On 29/11/2022 20.36, Ulf Hansson wrote:
> On Mon, 28 Nov 2022 at 15:29, Hector Martin <marcan@xxxxxxxxx> wrote:
>> +examples:
>> + - |
>> + // This example shows a single CPU per domain and 2 domains,
>> + // with two p-states per domain.
>> + // Shipping hardware has 2-4 CPUs per domain and 2-6 domains.
>> + cpus {
>> + #address-cells = <2>;
>> + #size-cells = <0>;
>> +
>> + cpu@0 {
>> + compatible = "apple,icestorm";
>> + device_type = "cpu";
>> + reg = <0x0 0x0>;
>> + operating-points-v2 = <&ecluster_opp>;
>
> To me, it looks like the operating-points-v2 phandle better belongs in
> the performance-domains provider node. I mean, isn't the OPPs really a
> description of the performance-domain provider?
>
> That said, I suggest we try to extend the generic performance-domain
> binding [1] with an "operating-points-v2". In that way, we should
> instead be able to reference it from this binding.
>
> In fact, that would be very similar to what already exists for the
> generic power-domain binding [2]. I think it would be rather nice to
> follow a similar pattern for the performance-domain binding.

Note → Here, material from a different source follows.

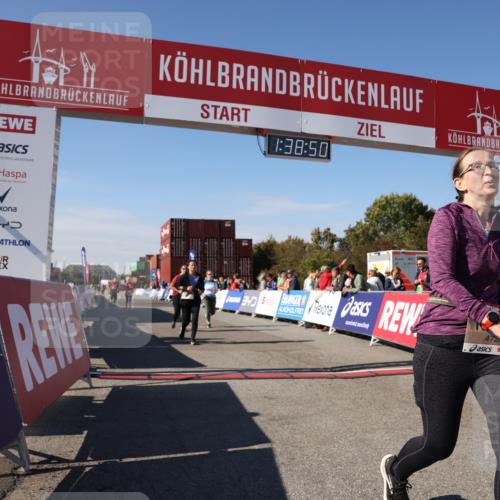 03.10.2025 - Köhlbrandbrückenlauf Lena Gebhardt http://msf.ph/oto/9074481 03.10.2025 13:38:50 Ziel 4723, 5529, 5533, 6640 meine-sportfotos.de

While I agree with the technical rationale and the proposed approach
being better in principle...

We're at v5 of bikeshedding this trivial driver's DT binding, and the
comment could've been made at v3. To quote IRC just now:

> this way the machines will be obsolete before things are fully upstreamed

I think it's long overdue for the kernel community to take a deep look
at itself and its development and review process, because it is quite
honestly insane how pathologically inefficient it is compared to,
basically, every other large and healthy open source project of similar
or even greater impact and scope.

Cc Linus, because this is for your Mac and I assume you care. We're at
v5 here for this silly driver. Meanwhile, rmk recently threw the towel
on upstreaming macsmc for us. We're trying, and I'll keep trying because
I actually get paid (by very generous donors) to do this, but if I
weren't I'd have given up a long time ago. And while I won't give up, I
can't deny this situation affects my morale and willingness to keep
pushing on upstreaming on a regular basis.

Meanwhile, OpenBSD has been *shipping* full M1 support for a while now
in official release images (and since Linux is the source of truth for
DT bindings, every time we re-bikeshed it we break their users because
they, quite reasonably, aren't interested in waiting for us Linux
slowpokes to figure it out first).

Please, let's introspect about this for a moment. Something is deeply
broken if people with 25+ years being an arch maintainer can't get a
700-line mfd driver upstreamed before giving up. I don't know how we
expect to ever get a Rust GPU driver merged if it takes 6+ versions to
upstream the world's easiest cpufreq hardware.